It starts with an idea.
A raison d’être that inspires entrepreneurs to put their heads down and get to work.
The work is what defines a successful entrepreneur, but it’s not all that defines the best. What defines the best is a trait that informs an entrepreneur’s ability to take control of every element of their business and career effectively – from their employees, to their website UI, and managing their stress levels.
What defines the best entrepreneurs is empathy.
Empathy Lubricates Your Creative Drive
Is empathy what you expected me to say, or did you guess something else? Persistence, maybe? Developing the trust of your client or customer base? Sales?
Whatever you thought, you did so because it’s a major aspect of you and your business. But I guarantee that it only goes so far if not backed by empathy.
What good is persistence if you haven’t taken the time to recognise why something isn’t working? How can you make sales if you won’t listen to the needs of prospective clients?
Think of empathy as a lubricant. Entrepreneurs are driven by a desire to create something new. That’s never easy; there’s always friction, especially when dealing with people on a personal level. Empathy serves to lessen, and in the case of the best, all but eradicate that resistance, because it demonstrates a willingness to understand.

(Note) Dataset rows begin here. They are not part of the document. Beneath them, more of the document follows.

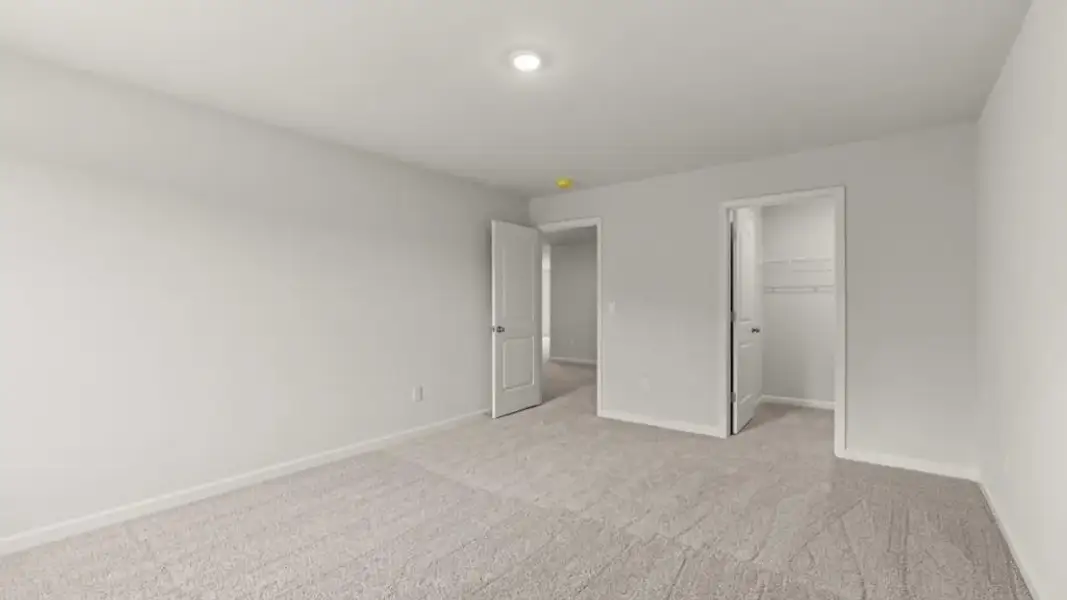 Spacious, unfurnished interior of a new home in , South Fulton (Image 18).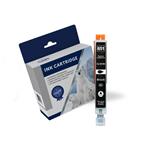 COMPATIBLE CANON CLI651XLBK INK CARTRIDGE HIGH YIELD BLACK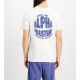 ALPHA IND. LOGO T-SHIRT BACK PRINT White ALPHA IND. LOGO T-SHIRT BACK PRINT White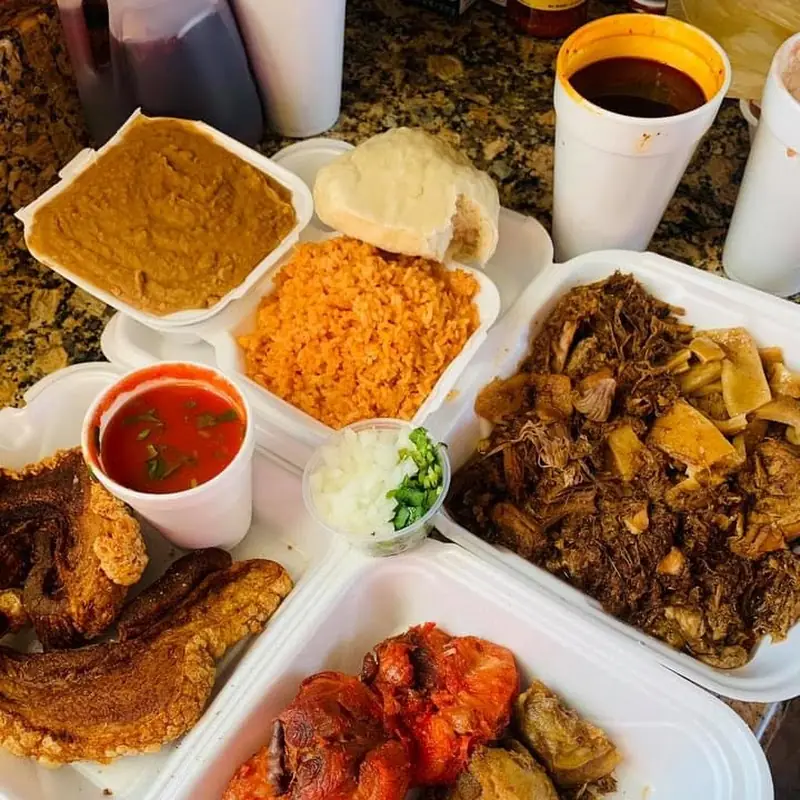 Pepe's Carnitas.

The benefits are threefold:
Finding Your Tribe
The sale and marketing of products in the digital age is a two-way street. Once this fact is embraced as a benefit, not a burden, entrepreneurs can take the time to ask questions of their market as the market asks questions of them. Simply by listening, new possibilities inevitably emerge. This is especially the case with millennials, too often portrayed as wilful narcissists by those who do not realise they are actually just searching for understanding. Prove you are of their tribe, and they will become lifelong customers.
Expanding the Market
The needs of Australians are not the needs of Americans. Or the Chinese. Or Italians. Business acumen nor reputation aren’t enough if you’re looking to expand overseas. The empathetic entrepreneur understands that. They take pride in their vision, but also know that cultural differences mean this vision can get lost in translation, and so search for ways to overcome such obstacles. This is relevant of local markets too. They might live in the same country, even the same state, but if one client lives in the city, and another in a rural area, it is wrong to presume they want the same thing.
Fortifying the Walls
It’s not just the external aspects of your business that benefit from an empathic outlook. The leader who is trusted to listen, to support the aspirations of their employees, and doesn’t use traditional hierarchy to weigh the value of their opinions is one whose staff will provide a solid backbone for the company’s future.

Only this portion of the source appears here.